══ INFORMATION PROVIDED

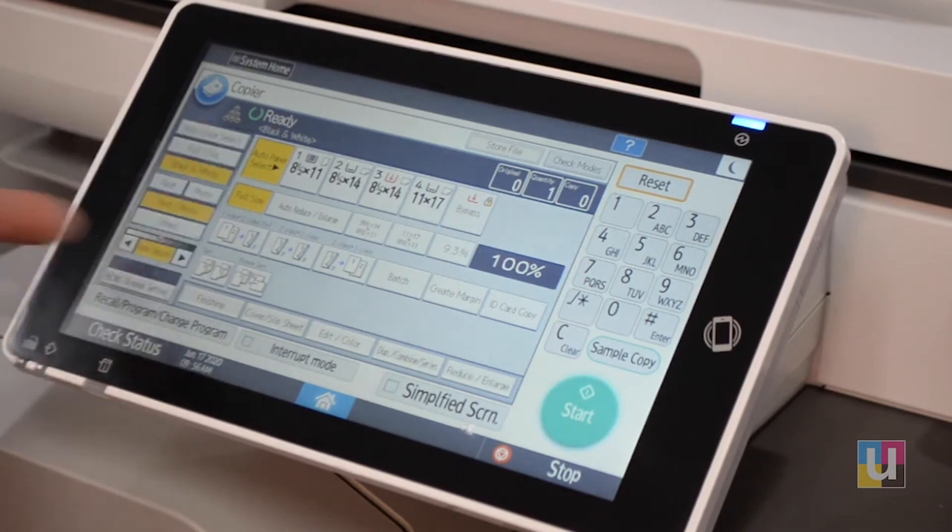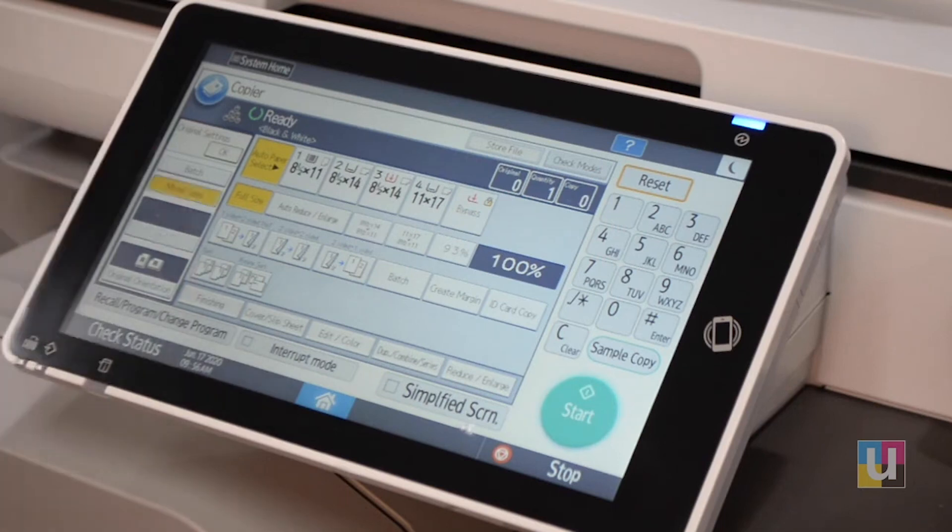And then at the very bottom, original settings for mix sizes — if you have possibly letter and legal and you would like to copy onto the corresponding size.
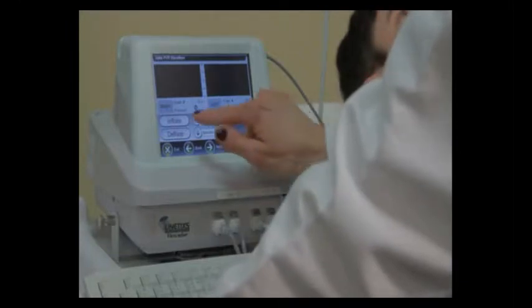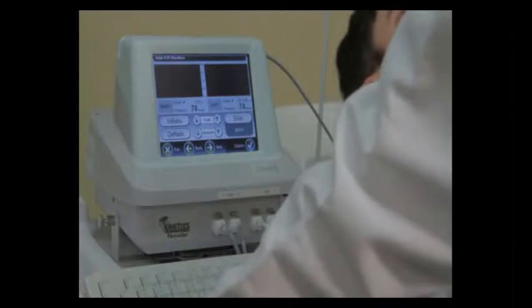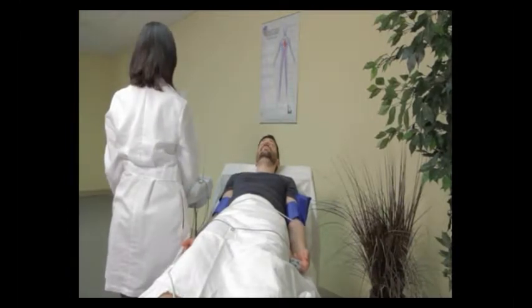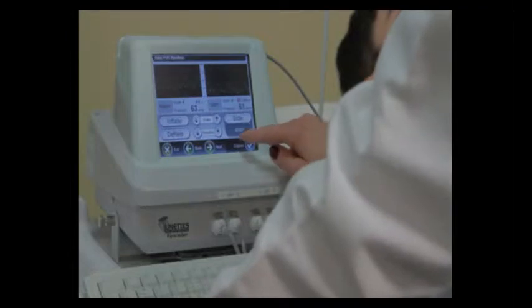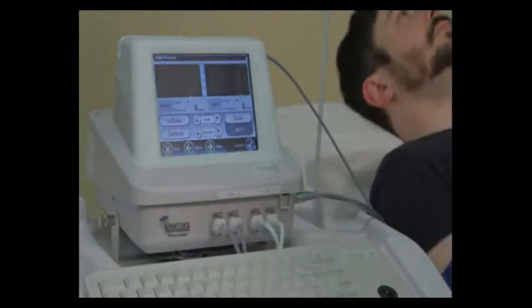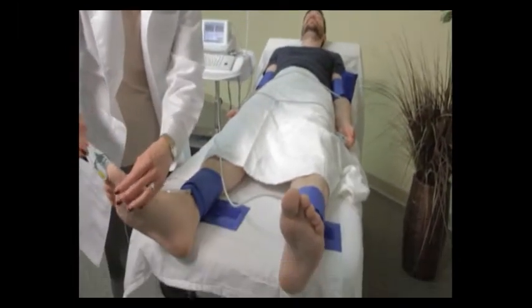She's now going to press inflate to inflate the ankle hoses for the pulse volume recording waveform at the ankle level. With one touch, the REVO will inflate both cuffs to 65 millimeters of mercury pressure. We now see the waveforms are consistent so we're going to press capture. We're then going to press proceed and then move the PPG clips from the fingers to the great toe on the left and right foot.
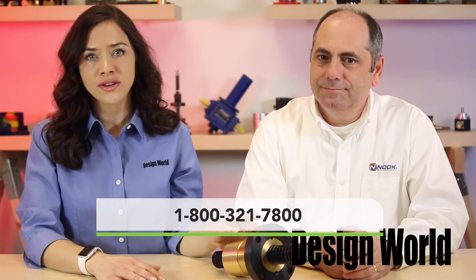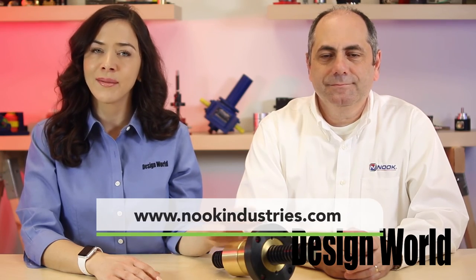Ron, it's always a pleasure chatting with you. To find out more about the advantages of using a wear indicator nut, contact Nook Industries at 1-800-321-7800 or visit nookindustries.com. Thanks for watching.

════

Since the pictures are not wanted, give the material again exactly without them.

And then at the very bottom, original settings for mix sizes — if you have possibly letter and legal and you would like to copy onto the corresponding size.
She's now going to press inflate to inflate the ankle hoses for the pulse volume recording waveform at the ankle level. With one touch, the REVO will inflate both cuffs to 65 millimeters of mercury pressure. We now see the waveforms are consistent so we're going to press capture. We're then going to press proceed and then move the PPG clips from the fingers to the great toe on the left and right foot.
Ron, it's always a pleasure chatting with you. To find out more about the advantages of using a wear indicator nut, contact Nook Industries at 1-800-321-7800 or visit nookindustries.com. Thanks for watching.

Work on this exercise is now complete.